# best router baseplate



## joe beaty (Jul 12, 2011)

what is best router base plate to match the porter cable bushings (dovetail jig 4216) with a dewalt 621 router?? i bought the router at a pawn shop, it has no baseplate with it


----------



## bobj3 (Jan 17, 2006)

Hi Joe

I suggest you get the plate below, killing two birds with one stone thing, you can use the guides that come with the plate or use the PC type guides with it.

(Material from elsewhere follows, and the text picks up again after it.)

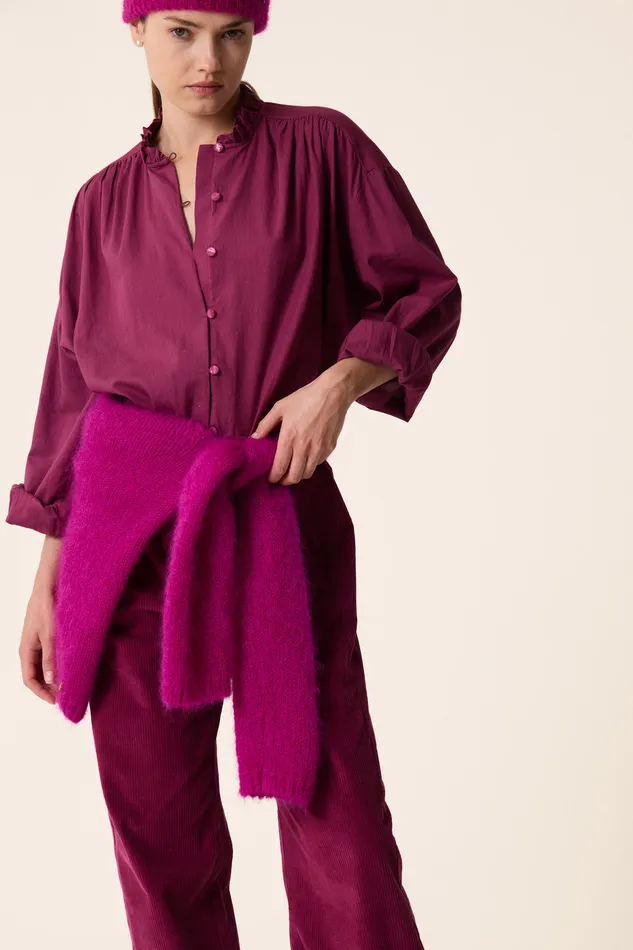 Women Blouse Rudy Bruyere Blouse Coton Violette Des Petits Hauts Blouses Shirts and Tops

Amazon.com: Milescraft 1211 Base Plate Metal-Nose Bushing Set for Routers: Home Improvement

OR

http://www.amazon.com/Milescraft-1201-Plate-Bushing-Routers/dp/B001JEOMN2/ref=cm_cr_pr_sims_t


========== 



joe beaty said:


> what is best router base plate to match the porter cable bushings (dovetail jig 4216) with a dewalt 621 router?? i bought the router at a pawn shop, it has no baseplate with it


----------



## Mike (Nov 22, 2004)

Joe, you can buy a sub base plate from DeWalt parts online; you can also build your own sub base plate, instructions are available in one of the Sticky threads.


----------



## bobj3 (Jan 17, 2006)

Hi

Just a add a note to Mike's post, if you make your own you will need to buy a 1 3/16" drill bit if you want to use the PC type guides, if you are going to make more than one it's the best way to go , the 1 3/16" bits are not in most sets, you can get the set for about 100.oo bucks or just the one bit for 9.oo to 30.oo bucks but it's must have item if you want to make your own.. 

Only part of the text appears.